### [Assignment]
Could you set down only the lines from the one including "Melhor negócio!: 2ª" to the end of the records below, inclusive and exact, leaving pictures out?

•••

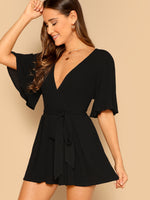 Lara Klawikowski Women Clothing Suppliers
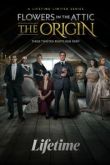 Цветы на чердаке: Начало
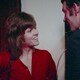 photo du film Klute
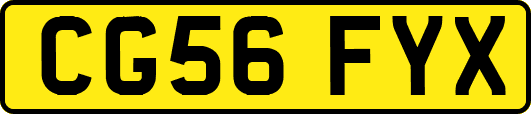 CG56FYX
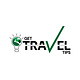 Get Some Travel Tips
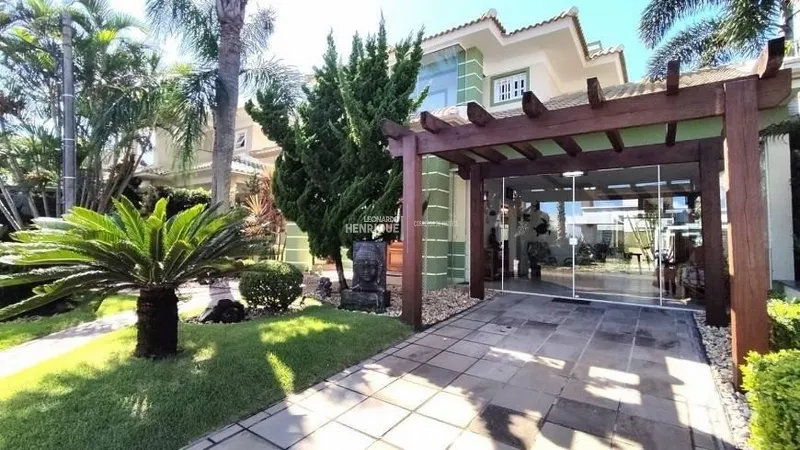 Melhor negócio!: 2ª foto da galeria de imagens do imóvel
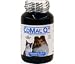 CoMal Q10, 180 Capsules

•••

### [Output]
 Melhor negócio!: 2ª foto da galeria de imagens do imóvel
 CoMal Q10, 180 Capsules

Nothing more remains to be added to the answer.